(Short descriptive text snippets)
******************************

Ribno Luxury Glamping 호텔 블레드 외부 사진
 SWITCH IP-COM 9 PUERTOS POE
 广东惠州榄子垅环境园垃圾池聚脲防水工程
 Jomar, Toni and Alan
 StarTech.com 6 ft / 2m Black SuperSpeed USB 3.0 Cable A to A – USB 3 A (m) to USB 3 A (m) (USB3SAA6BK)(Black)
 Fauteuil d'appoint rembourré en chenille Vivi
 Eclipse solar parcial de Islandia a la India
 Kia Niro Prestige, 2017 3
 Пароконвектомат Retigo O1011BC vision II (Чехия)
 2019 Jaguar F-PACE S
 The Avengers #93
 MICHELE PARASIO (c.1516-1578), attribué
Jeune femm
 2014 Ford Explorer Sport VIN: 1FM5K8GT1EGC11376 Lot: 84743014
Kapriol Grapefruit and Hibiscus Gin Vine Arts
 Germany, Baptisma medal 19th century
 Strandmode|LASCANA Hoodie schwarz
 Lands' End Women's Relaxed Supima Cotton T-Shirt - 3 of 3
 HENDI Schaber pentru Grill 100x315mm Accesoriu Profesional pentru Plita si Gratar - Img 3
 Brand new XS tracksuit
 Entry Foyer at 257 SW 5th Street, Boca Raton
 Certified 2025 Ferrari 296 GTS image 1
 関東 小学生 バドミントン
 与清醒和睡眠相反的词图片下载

******************************

#### How to complete this task:
Could you transcribe the entries above word for word, from the line with "Jomar, Toni and Alan" down to the line with "HENDI Schaber pentru", keeping both?

#### Task result:
 Jomar, Toni and Alan
 StarTech.com 6 ft / 2m Black SuperSpeed USB 3.0 Cable A to A – USB 3 A (m) to USB 3 A (m) (USB3SAA6BK)(Black)
 Fauteuil d'appoint rembourré en chenille Vivi
 Eclipse solar parcial de Islandia a la India
 Kia Niro Prestige, 2017 3
 Пароконвектомат Retigo O1011BC vision II (Чехия)
 2019 Jaguar F-PACE S
 The Avengers #93
 MICHELE PARASIO (c.1516-1578), attribué
Jeune femm
 2014 Ford Explorer Sport VIN: 1FM5K8GT1EGC11376 Lot: 84743014
Kapriol Grapefruit and Hibiscus Gin Vine Arts
 Germany, Baptisma medal 19th century
 Strandmode|LASCANA Hoodie schwarz
 Lands' End Women's Relaxed Supima Cotton T-Shirt - 3 of 3
 HENDI Schaber pentru Grill 100x315mm Accesoriu Profesional pentru Plita si Gratar - Img 3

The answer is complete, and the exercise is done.